Only what runs from the line with "Used 2022 Denza D9 SAU000054 (8)" to the final line of the records below should be given again, word for word.

── SOURCE MATERIAL

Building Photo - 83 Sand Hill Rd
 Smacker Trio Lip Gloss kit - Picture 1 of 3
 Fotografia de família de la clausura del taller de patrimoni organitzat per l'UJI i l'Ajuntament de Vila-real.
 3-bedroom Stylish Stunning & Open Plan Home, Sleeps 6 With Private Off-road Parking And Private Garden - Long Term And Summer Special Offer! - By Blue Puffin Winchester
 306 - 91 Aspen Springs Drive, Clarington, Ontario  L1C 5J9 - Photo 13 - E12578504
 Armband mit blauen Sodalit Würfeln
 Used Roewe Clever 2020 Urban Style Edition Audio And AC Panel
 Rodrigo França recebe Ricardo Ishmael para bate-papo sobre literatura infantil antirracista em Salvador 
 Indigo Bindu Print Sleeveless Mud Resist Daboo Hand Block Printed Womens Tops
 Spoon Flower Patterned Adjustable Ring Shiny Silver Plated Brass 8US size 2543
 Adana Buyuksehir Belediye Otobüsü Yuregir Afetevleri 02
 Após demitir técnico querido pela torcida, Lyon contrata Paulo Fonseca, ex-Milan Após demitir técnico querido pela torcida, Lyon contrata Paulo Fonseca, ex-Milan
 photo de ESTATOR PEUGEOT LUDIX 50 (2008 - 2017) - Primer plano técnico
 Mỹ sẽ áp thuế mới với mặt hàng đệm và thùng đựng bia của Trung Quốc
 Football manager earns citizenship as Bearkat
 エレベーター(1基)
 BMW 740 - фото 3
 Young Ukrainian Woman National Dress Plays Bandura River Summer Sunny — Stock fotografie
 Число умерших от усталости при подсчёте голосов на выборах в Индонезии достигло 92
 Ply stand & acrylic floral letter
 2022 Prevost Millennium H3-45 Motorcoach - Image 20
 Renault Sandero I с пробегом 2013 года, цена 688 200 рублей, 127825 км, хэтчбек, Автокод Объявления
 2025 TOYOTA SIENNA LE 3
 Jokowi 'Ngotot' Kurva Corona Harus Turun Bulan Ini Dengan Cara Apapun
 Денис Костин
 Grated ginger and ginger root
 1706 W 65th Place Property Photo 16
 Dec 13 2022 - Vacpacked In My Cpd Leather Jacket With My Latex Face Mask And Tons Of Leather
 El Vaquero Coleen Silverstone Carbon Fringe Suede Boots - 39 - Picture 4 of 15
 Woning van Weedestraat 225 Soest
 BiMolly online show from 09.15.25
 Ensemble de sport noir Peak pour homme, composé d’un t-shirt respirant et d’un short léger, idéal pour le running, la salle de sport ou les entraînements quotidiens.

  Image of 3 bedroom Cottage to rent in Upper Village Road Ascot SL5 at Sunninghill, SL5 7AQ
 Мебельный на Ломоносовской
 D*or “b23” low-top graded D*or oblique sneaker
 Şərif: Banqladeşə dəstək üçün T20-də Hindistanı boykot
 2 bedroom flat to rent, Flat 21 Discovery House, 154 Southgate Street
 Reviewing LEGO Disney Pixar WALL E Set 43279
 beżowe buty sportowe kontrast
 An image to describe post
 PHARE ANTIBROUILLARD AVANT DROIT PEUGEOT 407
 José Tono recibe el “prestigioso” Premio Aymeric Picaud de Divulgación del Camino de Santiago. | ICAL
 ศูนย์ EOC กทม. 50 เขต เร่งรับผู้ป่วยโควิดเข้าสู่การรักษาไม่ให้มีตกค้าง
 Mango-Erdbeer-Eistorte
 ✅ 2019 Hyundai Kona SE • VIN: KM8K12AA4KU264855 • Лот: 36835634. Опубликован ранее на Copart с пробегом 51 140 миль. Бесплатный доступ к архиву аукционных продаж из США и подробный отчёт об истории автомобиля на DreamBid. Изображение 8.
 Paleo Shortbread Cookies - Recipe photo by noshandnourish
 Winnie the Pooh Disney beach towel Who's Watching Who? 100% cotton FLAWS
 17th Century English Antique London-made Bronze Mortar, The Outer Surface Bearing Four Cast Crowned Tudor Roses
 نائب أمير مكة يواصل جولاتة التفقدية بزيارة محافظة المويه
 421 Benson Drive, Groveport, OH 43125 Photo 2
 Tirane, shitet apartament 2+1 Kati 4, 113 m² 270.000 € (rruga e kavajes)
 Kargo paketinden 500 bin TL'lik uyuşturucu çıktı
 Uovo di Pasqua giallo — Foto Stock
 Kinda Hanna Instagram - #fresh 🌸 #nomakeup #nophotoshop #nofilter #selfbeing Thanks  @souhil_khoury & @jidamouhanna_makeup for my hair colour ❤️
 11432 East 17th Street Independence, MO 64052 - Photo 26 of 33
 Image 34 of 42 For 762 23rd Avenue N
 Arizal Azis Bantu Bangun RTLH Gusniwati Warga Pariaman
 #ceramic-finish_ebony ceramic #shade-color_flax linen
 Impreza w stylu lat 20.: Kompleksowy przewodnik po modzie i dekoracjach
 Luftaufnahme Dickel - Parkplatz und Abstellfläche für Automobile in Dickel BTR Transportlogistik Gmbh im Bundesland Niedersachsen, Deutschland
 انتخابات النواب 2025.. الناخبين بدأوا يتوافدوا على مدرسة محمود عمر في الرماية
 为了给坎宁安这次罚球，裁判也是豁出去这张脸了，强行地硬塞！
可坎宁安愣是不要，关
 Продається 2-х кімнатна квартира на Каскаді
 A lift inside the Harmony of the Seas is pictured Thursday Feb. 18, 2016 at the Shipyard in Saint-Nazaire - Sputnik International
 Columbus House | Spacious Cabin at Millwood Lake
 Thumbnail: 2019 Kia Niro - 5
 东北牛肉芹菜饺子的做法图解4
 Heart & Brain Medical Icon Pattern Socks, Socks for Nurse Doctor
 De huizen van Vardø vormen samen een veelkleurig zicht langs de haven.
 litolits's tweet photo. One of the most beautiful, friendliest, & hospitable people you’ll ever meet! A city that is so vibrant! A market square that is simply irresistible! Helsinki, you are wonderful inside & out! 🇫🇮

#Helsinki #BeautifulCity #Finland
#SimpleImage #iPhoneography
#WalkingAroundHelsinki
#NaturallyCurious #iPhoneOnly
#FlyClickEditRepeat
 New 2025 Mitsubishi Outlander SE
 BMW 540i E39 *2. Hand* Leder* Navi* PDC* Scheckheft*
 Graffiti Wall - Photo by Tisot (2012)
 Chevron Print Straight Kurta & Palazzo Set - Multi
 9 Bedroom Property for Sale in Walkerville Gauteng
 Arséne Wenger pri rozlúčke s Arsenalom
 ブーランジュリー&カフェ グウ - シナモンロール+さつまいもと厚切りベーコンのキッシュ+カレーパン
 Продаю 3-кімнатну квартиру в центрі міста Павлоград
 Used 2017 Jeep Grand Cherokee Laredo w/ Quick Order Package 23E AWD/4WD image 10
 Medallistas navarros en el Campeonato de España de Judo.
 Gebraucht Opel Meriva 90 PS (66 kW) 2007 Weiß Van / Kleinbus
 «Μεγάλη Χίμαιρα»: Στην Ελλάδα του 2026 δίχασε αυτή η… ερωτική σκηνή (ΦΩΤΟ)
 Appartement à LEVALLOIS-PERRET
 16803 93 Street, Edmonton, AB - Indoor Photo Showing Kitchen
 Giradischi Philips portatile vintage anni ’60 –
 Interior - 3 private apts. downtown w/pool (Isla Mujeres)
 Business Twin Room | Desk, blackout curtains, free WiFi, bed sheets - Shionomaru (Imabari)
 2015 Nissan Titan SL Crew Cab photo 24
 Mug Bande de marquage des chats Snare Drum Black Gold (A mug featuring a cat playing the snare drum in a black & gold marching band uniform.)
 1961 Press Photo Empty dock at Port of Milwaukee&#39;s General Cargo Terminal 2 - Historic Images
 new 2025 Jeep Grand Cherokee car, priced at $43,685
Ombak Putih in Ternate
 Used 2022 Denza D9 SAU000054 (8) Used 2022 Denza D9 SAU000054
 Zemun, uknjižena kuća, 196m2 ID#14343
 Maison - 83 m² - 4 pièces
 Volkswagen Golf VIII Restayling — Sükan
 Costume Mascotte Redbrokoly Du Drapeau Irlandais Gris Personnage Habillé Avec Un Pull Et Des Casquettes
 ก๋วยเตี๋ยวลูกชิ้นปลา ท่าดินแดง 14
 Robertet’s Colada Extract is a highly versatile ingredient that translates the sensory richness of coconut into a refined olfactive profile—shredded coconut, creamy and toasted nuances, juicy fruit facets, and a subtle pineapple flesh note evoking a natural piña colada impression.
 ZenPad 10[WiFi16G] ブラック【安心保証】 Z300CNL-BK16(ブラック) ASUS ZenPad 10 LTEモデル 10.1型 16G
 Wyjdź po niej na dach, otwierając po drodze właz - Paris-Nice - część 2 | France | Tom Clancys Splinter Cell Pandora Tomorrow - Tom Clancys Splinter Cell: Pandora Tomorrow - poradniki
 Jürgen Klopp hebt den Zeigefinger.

────

* REPLY TO THE TASK *
 Used 2022 Denza D9 SAU000054 (8) Used 2022 Denza D9 SAU000054
 Zemun, uknjižena kuća, 196m2 ID#14343
 Maison - 83 m² - 4 pièces
 Volkswagen Golf VIII Restayling — Sükan
 Costume Mascotte Redbrokoly Du Drapeau Irlandais Gris Personnage Habillé Avec Un Pull Et Des Casquettes
 ก๋วยเตี๋ยวลูกชิ้นปลา ท่าดินแดง 14
 Robertet’s Colada Extract is a highly versatile ingredient that translates the sensory richness of coconut into a refined olfactive profile—shredded coconut, creamy and toasted nuances, juicy fruit facets, and a subtle pineapple flesh note evoking a natural piña colada impression.
 ZenPad 10[WiFi16G] ブラック【安心保証】 Z300CNL-BK16(ブラック) ASUS ZenPad 10 LTEモデル 10.1型 16G
 Wyjdź po niej na dach, otwierając po drodze właz - Paris-Nice - część 2 | France | Tom Clancys Splinter Cell Pandora Tomorrow - Tom Clancys Splinter Cell: Pandora Tomorrow - poradniki
 Jürgen Klopp hebt den Zeigefinger.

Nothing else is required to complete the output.